Case Study

Campbeltown Picture House

Campbeltown Picture House is a Category A listed building and one of the earliest surviving purpose-built cinemas in the UK with important historical and architectural significance.

Built during 1913, by the early 2000s the picture house had become so run down that it was established the only way to guarantee its future was a complete overhaul of the building. Campbeltown Community Business stepped in and ‘The Centenary Project’ was born.

“S&CC have been so supportive, and their flexibility has enabled the project to actually happen”, Jane Mayo, Chairman explains. To help avoid any cash flow issues, S&CC were able to provide the upfront capital to bridge the funding gap, allowing the project to pay its contractors and carry out the work before being eligible to claim its grant funding.

During restoration it was important to maintain the original features of the protected building, whilst adding all the facilities needed for a modern cinema, including an extra screen, café and spaces for exhibitions, displays, education and community activities.

“One of the core aims for renovation was to make the picture house a real hub and community space”, informs Ellen Mainwood, General Manager. “The cinema is so special because it feels so unlikely that it would exist in a place like this”.

As well as screening movies, the cinema hosts live satellite events showing theatre, dance and opera performances.
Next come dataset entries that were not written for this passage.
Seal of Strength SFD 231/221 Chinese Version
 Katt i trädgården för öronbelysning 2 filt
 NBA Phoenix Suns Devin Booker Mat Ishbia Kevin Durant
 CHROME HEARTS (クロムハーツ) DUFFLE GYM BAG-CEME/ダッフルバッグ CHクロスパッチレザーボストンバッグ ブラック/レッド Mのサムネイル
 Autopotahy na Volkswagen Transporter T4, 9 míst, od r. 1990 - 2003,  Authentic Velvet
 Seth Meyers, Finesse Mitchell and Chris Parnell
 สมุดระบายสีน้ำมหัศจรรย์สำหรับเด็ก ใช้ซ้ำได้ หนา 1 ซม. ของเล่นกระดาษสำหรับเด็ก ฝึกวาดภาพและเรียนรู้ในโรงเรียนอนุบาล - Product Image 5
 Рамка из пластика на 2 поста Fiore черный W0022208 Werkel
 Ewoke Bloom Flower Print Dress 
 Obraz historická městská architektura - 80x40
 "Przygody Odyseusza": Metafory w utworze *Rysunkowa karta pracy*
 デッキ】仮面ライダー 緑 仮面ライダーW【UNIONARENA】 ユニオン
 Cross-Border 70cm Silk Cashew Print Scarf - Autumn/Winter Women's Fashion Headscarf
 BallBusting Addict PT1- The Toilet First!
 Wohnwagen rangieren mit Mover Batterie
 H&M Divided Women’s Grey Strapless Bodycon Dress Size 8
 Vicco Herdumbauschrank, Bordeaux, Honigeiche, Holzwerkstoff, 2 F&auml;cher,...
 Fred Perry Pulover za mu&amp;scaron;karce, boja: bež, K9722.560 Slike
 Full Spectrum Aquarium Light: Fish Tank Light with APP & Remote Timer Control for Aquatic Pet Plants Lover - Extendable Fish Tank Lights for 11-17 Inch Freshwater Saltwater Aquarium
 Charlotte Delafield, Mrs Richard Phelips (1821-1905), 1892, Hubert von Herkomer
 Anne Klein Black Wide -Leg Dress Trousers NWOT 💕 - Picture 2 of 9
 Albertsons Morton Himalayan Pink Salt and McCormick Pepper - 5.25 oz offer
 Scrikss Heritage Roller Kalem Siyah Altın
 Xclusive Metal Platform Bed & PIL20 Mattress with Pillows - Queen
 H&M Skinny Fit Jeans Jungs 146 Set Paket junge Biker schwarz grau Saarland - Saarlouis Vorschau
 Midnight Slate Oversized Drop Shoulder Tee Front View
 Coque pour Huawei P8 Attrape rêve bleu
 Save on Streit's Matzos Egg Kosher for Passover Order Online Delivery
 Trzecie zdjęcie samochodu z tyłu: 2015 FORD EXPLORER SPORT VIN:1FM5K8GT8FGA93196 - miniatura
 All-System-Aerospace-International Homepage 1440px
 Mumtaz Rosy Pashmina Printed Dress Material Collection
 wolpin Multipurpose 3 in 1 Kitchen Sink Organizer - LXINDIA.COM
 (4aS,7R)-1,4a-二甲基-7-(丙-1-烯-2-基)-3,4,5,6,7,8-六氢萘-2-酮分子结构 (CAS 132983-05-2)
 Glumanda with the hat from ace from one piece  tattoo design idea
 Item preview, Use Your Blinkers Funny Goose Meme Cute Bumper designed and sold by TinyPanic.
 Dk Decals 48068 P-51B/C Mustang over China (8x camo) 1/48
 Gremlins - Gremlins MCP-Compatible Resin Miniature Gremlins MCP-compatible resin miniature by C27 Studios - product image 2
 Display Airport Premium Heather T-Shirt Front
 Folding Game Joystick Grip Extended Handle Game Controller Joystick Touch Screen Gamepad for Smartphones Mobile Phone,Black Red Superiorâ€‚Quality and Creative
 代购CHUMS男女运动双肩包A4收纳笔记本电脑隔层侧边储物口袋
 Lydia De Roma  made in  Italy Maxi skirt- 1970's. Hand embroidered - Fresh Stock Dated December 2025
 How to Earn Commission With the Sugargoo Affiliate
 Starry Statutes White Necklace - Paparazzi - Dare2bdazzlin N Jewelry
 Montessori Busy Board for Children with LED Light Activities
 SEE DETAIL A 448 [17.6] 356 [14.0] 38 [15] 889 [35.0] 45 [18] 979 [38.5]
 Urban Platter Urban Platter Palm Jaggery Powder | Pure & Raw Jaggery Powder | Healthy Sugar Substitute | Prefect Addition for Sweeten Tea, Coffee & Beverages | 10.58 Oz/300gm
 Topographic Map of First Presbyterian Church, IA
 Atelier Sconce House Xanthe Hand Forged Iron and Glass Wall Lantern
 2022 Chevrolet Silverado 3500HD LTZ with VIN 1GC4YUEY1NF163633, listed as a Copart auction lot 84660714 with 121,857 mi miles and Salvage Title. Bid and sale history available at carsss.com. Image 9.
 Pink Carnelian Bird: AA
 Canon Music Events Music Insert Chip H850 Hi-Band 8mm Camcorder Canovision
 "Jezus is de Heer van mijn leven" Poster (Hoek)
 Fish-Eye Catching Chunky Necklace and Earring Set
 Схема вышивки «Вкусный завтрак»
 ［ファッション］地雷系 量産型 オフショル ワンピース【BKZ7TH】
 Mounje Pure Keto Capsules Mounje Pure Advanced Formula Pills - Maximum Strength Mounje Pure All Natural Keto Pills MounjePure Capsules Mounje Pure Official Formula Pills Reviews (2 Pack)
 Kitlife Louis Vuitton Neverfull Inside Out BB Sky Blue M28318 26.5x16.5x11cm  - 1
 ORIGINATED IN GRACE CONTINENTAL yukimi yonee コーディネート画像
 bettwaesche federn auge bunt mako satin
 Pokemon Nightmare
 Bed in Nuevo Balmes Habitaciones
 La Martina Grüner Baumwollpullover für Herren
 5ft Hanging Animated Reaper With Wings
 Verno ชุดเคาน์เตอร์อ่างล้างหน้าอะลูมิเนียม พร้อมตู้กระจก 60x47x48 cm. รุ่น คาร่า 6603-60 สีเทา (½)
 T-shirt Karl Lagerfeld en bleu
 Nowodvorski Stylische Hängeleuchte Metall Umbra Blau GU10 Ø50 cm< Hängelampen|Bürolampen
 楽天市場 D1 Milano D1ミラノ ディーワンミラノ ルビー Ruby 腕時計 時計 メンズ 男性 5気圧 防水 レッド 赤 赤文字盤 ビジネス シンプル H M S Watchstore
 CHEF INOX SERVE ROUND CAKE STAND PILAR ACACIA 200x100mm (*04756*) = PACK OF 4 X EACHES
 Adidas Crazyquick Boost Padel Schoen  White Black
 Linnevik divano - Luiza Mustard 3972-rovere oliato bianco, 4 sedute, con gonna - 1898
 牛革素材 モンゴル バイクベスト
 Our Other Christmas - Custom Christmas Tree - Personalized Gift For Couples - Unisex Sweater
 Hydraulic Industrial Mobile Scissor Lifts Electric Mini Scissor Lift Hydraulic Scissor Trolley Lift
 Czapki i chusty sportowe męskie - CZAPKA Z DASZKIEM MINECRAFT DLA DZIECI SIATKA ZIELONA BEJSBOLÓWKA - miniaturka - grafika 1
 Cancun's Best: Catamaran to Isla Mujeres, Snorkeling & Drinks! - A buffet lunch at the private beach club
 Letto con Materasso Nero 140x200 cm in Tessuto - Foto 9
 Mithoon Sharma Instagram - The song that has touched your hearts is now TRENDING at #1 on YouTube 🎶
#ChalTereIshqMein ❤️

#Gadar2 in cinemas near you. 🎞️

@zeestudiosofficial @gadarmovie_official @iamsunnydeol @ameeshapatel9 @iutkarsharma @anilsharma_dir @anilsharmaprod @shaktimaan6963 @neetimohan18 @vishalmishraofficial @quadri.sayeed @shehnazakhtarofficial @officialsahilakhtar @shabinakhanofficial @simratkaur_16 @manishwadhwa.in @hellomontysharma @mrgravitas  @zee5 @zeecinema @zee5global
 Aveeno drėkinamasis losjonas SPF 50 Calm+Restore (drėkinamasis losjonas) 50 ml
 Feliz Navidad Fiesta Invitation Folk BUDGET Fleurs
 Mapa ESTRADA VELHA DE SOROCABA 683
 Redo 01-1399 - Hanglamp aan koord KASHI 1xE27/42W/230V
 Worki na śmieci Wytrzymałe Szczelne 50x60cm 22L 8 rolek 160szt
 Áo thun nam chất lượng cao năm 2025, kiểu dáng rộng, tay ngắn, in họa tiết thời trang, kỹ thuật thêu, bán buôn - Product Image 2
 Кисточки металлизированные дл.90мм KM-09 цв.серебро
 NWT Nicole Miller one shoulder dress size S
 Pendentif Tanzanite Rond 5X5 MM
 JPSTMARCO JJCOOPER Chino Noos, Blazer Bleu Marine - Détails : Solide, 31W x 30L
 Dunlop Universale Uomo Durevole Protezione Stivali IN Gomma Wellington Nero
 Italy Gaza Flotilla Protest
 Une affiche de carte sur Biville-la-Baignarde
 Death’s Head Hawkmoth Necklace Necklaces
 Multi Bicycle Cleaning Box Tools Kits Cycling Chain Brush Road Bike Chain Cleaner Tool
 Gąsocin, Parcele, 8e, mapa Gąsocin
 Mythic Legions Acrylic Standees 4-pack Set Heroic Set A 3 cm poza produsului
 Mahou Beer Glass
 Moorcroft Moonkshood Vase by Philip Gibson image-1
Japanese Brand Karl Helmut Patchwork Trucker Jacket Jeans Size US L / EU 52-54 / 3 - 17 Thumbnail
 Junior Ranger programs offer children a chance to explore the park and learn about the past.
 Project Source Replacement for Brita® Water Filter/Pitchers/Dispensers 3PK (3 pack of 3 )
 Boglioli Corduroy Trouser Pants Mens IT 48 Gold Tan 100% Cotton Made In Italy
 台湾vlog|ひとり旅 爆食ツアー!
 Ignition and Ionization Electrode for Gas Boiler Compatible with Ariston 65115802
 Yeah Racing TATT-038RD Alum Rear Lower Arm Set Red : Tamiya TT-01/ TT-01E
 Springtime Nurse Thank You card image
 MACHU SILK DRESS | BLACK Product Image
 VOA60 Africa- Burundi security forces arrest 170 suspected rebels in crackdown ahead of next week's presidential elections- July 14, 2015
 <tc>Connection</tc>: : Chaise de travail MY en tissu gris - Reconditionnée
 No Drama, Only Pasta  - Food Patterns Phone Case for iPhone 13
It holds Silver Screen afternoons every Wednesday with discounted tickets for people over 60, as well as linking in with the town to hold one-off events throughout the year such as the Malts Festival in May.

In addition to providing a focus for community in the town, the reopened picture house has created career opportunities and training in a town where new jobs are not always readily available.

The enterprise has been warmly embraced by the community, as a local member of the public expressed, “We love what they’ve done with the renovation, it’s a real asset to Campbeltown”.